External possession and multitransitivity | Dr. María Cristina Cuervo (University of Toronto)
Fri, Nov 21
|University of Calgary | CHE 212
UCalgary Linguistics Speaker Series - Fall 2025


Time & Location
Nov 21, 2025, 3:00 p.m. – 4:30 p.m.
University of Calgary | CHE 212, 2500 University Dr NW, Calgary, AB T2N 1N4, Canada
About the event
Dative external possessors and argument realization are explored in a novel, understudied context: clauses with (arguably) three internal arguments, such as Spanish Marisa le pegó un cartel en la espalda a Emilio ‘Marisa stuck a note on Emilio’s back, [Lit. M. stuck a note on the back to Emilio]’ and German Er hat ihm ein Geheimnis ins Ohr geflüstert ‘He whispered a secret in his ear [Lit. he whispered him a secret in the ear]’. Here, the dative is thematically related to the Locative as the (inalienable) possessor of a body part (en la espalda de Emilio), is internal to the verbal phrase but appears external to the ground-figure relation between the direct object and the locative (un cartel en la espalda). These tritransitive structures (TTRs) raise questions with respect to valence and selection, argumenthood and lexical underpinnings of interpretation. They further challenge our current understanding of possessor datives in terms of possessor raising, low or high applicatives, or Ground-Figure relations mainly developed in the context of ditransitive structures. Based first on results from Spanish, a language in which TTRs are extremely productive, I show these datives are better analyzed as arguments merged below the verb and taking the [Theme-Locative]—a small clause-type relation—as its complement, introduced as a particular type of Middle Applicative (Cuervo 2020), or Wood & Marantz’s (2017) i*. I outline initial (and future) work on the crosslinguistic distribution of TTRs along variation in morphosyntactic tracking of possession, within and beyond Indo-European languages.
About the speaker:
Dr.
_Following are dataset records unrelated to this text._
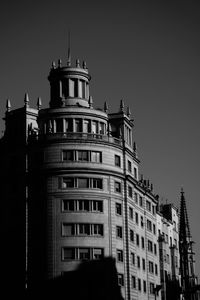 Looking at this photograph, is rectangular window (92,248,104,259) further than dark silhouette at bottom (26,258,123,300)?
Yes

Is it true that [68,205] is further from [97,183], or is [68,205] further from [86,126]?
[86,126]

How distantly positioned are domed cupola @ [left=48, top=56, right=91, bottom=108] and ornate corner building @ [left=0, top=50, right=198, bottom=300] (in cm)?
1

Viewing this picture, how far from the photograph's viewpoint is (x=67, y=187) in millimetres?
101812

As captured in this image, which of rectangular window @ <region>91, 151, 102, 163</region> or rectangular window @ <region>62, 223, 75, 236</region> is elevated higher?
rectangular window @ <region>91, 151, 102, 163</region>

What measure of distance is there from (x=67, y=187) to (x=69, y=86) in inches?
643

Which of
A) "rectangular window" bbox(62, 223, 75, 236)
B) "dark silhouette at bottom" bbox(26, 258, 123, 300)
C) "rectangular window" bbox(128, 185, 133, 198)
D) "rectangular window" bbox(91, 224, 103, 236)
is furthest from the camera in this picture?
"rectangular window" bbox(128, 185, 133, 198)

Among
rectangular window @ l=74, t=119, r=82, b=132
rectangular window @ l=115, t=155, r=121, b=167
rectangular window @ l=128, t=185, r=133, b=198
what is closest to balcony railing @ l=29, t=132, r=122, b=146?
rectangular window @ l=74, t=119, r=82, b=132

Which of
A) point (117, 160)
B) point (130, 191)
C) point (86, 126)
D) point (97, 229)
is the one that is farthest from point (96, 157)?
point (97, 229)

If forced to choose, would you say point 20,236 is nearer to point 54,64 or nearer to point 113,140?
point 113,140

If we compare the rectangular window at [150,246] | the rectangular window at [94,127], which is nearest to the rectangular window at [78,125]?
the rectangular window at [94,127]

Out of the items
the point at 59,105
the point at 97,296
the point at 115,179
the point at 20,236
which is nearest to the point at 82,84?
the point at 59,105

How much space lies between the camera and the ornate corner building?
100000mm

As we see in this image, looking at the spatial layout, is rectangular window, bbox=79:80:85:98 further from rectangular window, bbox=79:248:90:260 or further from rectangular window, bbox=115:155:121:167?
rectangular window, bbox=79:248:90:260

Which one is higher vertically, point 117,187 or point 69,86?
point 69,86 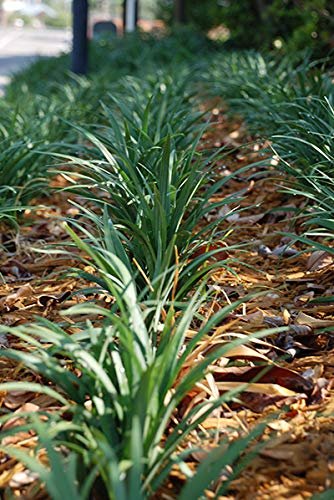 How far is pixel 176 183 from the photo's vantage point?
2877mm

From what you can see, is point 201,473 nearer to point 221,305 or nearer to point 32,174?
point 221,305

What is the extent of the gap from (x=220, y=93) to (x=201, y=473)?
456 centimetres

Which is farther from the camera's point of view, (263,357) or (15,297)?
(15,297)

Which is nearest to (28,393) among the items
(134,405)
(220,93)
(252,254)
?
(134,405)

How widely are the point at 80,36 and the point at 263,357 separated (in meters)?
8.29

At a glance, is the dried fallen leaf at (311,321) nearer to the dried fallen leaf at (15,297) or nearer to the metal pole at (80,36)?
the dried fallen leaf at (15,297)

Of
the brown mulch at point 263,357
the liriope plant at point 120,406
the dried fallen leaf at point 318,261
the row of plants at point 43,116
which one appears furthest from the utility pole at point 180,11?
the liriope plant at point 120,406

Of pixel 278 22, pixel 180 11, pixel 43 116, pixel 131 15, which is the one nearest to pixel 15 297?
pixel 43 116

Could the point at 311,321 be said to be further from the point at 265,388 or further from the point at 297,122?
the point at 297,122

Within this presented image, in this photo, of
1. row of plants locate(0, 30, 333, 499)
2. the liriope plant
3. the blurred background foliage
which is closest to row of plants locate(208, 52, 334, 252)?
row of plants locate(0, 30, 333, 499)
Cuervo is an Associate Professor of Linguistics and Spanish at the University of Toronto. Her research considers how specific grammatical phenomena in several languages (argument / event structure, dative arguments, morphological form) inform the broader question of how structural properties of language restrict and shape the construction of linguistic meaning. Her work has focused on the relative contribution of lexical verbal roots, prepositions and grammatical morphemes to the construction of verbal meanings. More recently, she has also been working in collaboration with students on the tense system in Spanish and how it is acquired. She draws on natural language data from a variety of sources (speakers’ intuitions, corpora and experimental data) and speaker populations (children, adult native speakers, and second language learners). Her research is couched within a linguistic theory that studies language as a human-specific cognitive faculty.